Python difflib compare two strings

Conclusion

The difflib module in Python can be used in a variety of ways to compare data from different hashable objects or content read from files. Its ratio method is also useful if you just want to get a similarity percentage between two objects.

How to compare 2 strings in Python?

You can compare strings in Python using the equality ( == ) and comparison ( < , > , != , <= , >= ) operators. There are no special methods to compare two strings.

How do I compare two strings in the same list in Python?

Python sort() method and == operator to compare lists We can combine Python's sort() method with the == operator to compare two lists. Python sort() method is used to sort the input lists with a purpose that if the two input lists are equal, then the elements would reside at the same index positions.

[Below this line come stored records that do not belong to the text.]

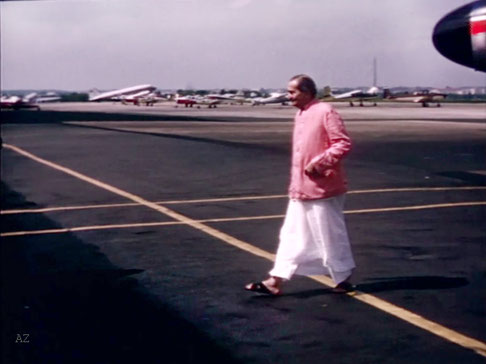 Meher Baba walking to the terminal at Washington, DC. Image captured by Anthony Zois from a film by Sufism Reoriented.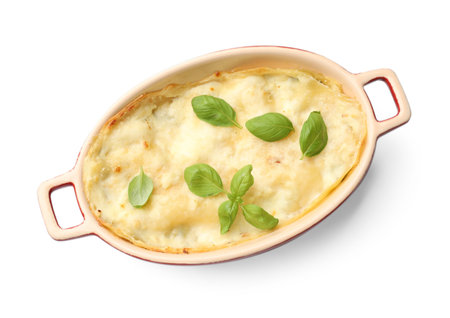 Tasty vegetarian lasagna in baking dish isolated on white, top viewの写真素材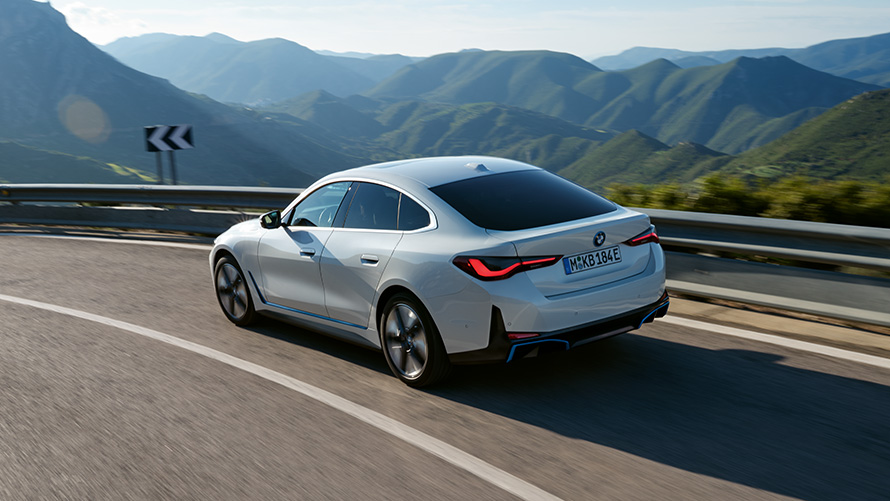 Vista posteriore a tre quarti della BMW i4 eDrive40 G26 2021 in movimento BMW i4 eDrive40 G26 2021 Mineral White Vista posteriore a tre quarti in movimento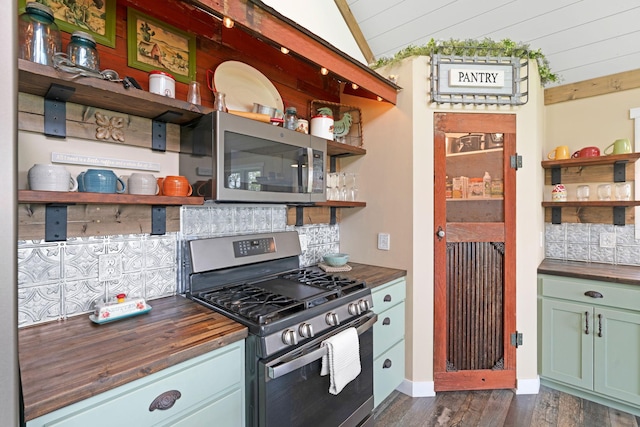 26887 709th St, Lake City, MN 55041 - kitchen featuring open shelves, stainless steel appliances, butcher block countertops, tasteful backsplash, and vaulted ceiling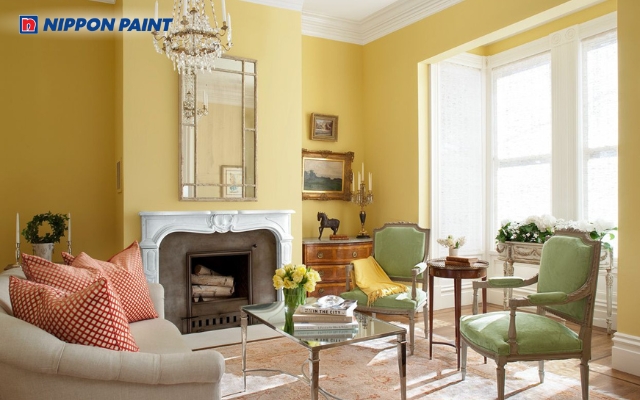 Sơn phòng khách trắng kem kết hợp vàng nhạt giúp không gian sáng và cân bằng năng lượng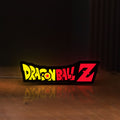 Front view of Dragon Ball Z LED lightbox sign glowing on a wooden desk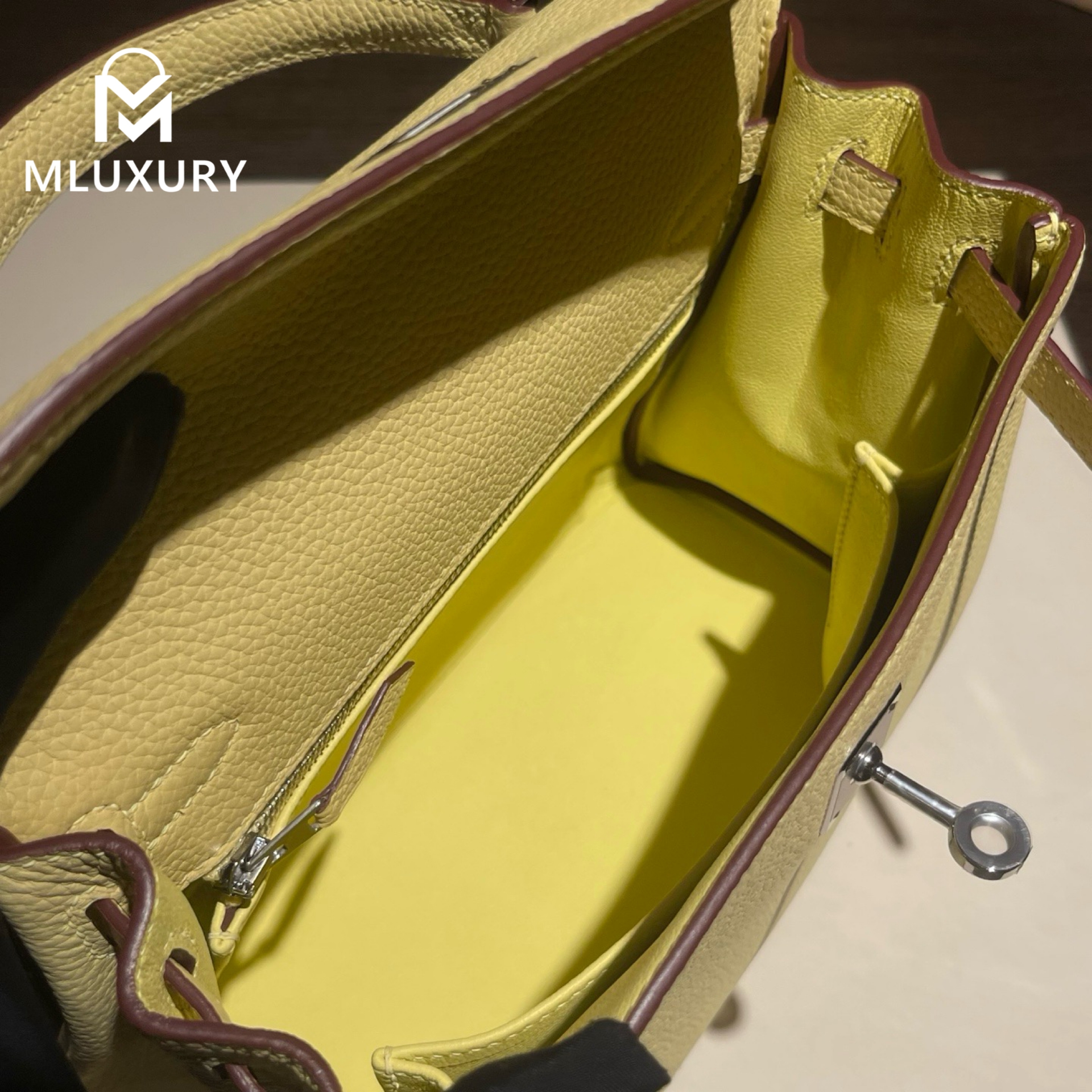 Hermès Kelly 25, Togo leather with inner stitching, Chick yellow color, Silver hardware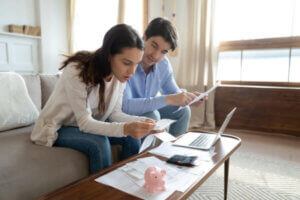 Couple discussing whether or not to do a balance transfer or personal loan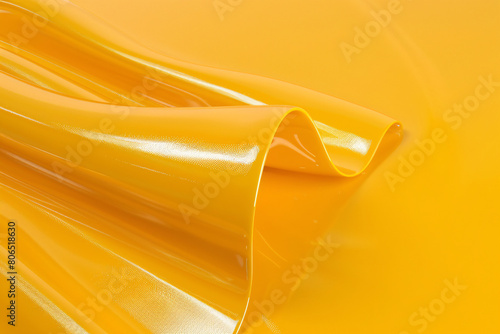 Golden ribbon wave design on black background with orange and yellow accents, perfect for business card or wallpaper photo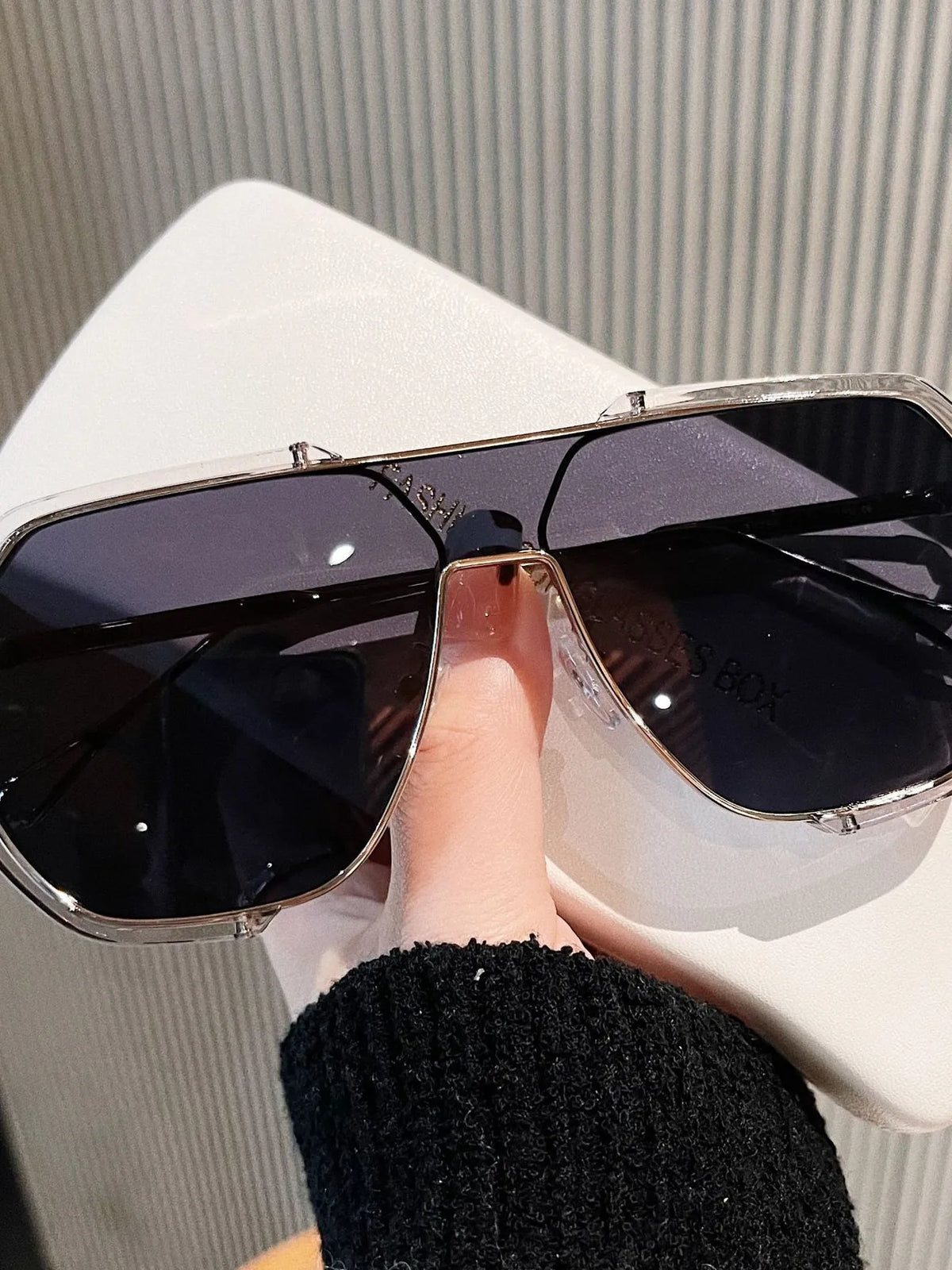 Bold women's oversized shades alloy metal temples acrylic lenses close-up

How to compare two strings in Python and return non matches?

Using Membership Operator. We can compare the list by checking if each element in the one list present in another list. ... .
Using Set Method. ... .
Using Sort Method. ... .
Return Non-Matches Elements with For Loop. ... .
Difference Between Two List. ... .
Lambda Function To Return All Unmatched Elements..

How would you confirm that 2 strings have the same identity?

How would you confirm that 2 strings have the same identity? The is operator returns True if 2 names point to the same location in memory. This is what we're referring to when we talk about identity. Don't confuse is with ==, the latter which only tests equality.